> [Assignment]:
Using the entries below, write out the line with "اليشمك جراب Honor", the line with "Men's Charcoal Ribbed Sweate", and every line in between, exactly as each is written.

> [The data]:
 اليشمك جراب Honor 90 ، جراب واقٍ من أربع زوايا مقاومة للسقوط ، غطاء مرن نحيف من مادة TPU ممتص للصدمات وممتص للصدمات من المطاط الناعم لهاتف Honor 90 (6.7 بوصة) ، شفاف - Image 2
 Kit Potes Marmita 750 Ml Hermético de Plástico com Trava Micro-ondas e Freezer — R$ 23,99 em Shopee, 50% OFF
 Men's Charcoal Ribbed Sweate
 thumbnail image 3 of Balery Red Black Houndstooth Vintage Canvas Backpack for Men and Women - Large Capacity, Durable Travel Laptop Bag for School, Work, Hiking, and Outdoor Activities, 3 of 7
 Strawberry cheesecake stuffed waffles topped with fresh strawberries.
--
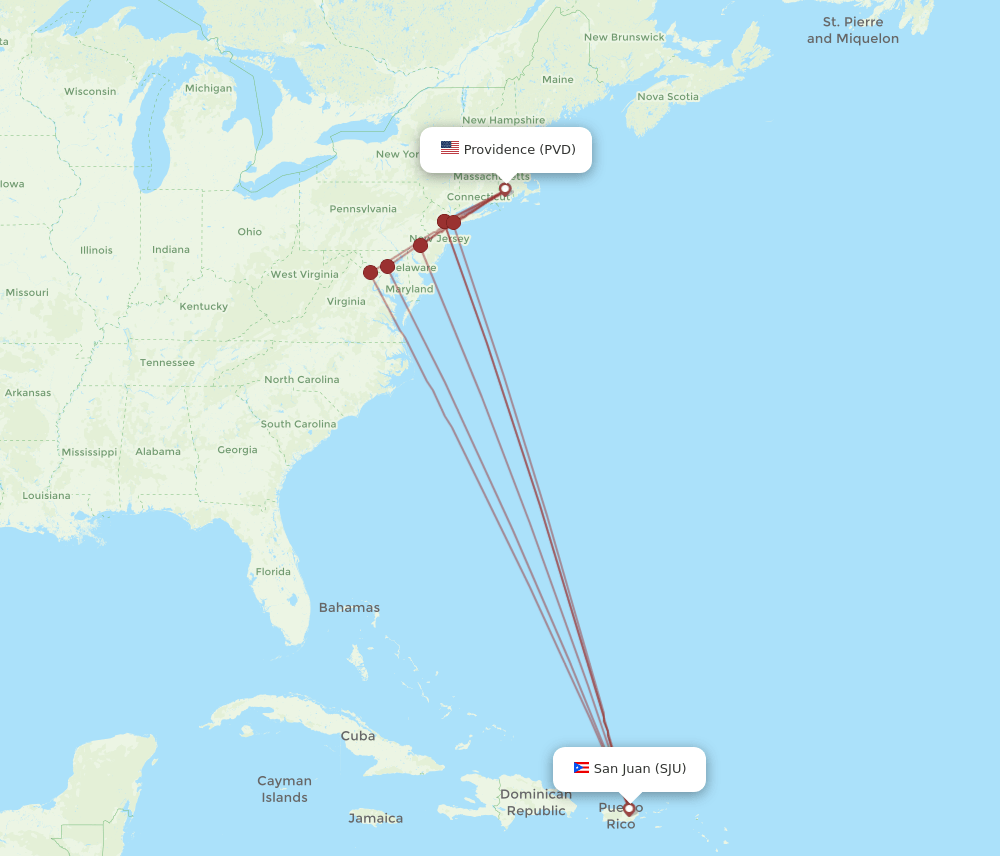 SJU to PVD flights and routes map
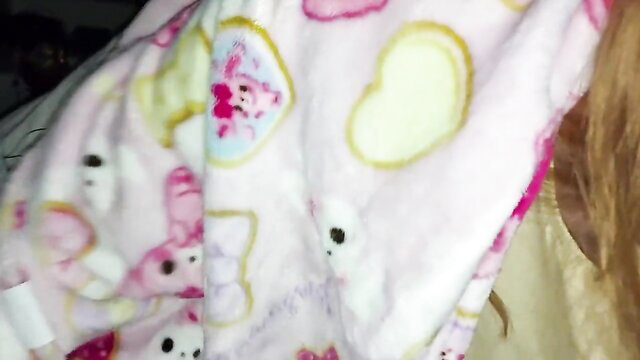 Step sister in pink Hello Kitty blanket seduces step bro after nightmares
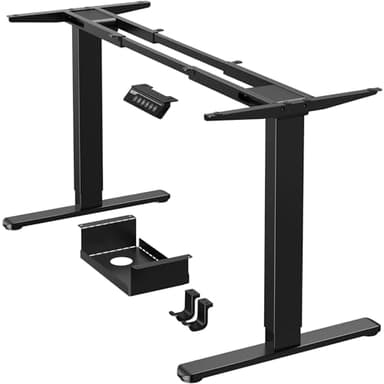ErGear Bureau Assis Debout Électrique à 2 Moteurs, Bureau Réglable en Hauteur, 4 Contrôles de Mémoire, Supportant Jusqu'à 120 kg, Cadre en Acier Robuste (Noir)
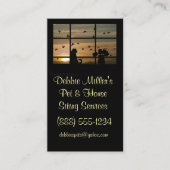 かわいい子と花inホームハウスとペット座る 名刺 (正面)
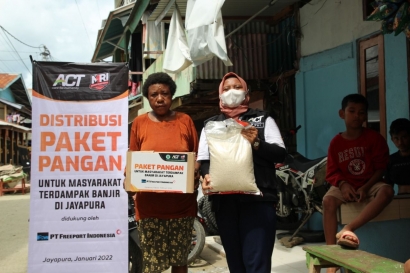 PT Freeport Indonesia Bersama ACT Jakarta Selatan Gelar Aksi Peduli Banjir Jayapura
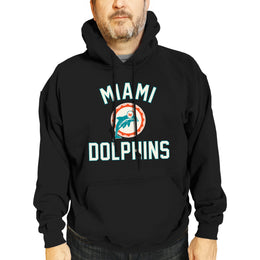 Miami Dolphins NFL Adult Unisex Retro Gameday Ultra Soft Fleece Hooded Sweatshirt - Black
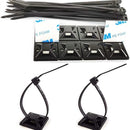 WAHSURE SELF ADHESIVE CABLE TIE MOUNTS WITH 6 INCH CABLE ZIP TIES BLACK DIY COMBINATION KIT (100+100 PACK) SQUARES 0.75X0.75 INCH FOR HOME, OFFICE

> [Output for this exercise]:
 اليشمك جراب Honor 90 ، جراب واقٍ من أربع زوايا مقاومة للسقوط ، غطاء مرن نحيف من مادة TPU ممتص للصدمات وممتص للصدمات من المطاط الناعم لهاتف Honor 90 (6.7 بوصة) ، شفاف - Image 2
 Kit Potes Marmita 750 Ml Hermético de Plástico com Trava Micro-ondas e Freezer — R$ 23,99 em Shopee, 50% OFF
 Men's Charcoal Ribbed Sweate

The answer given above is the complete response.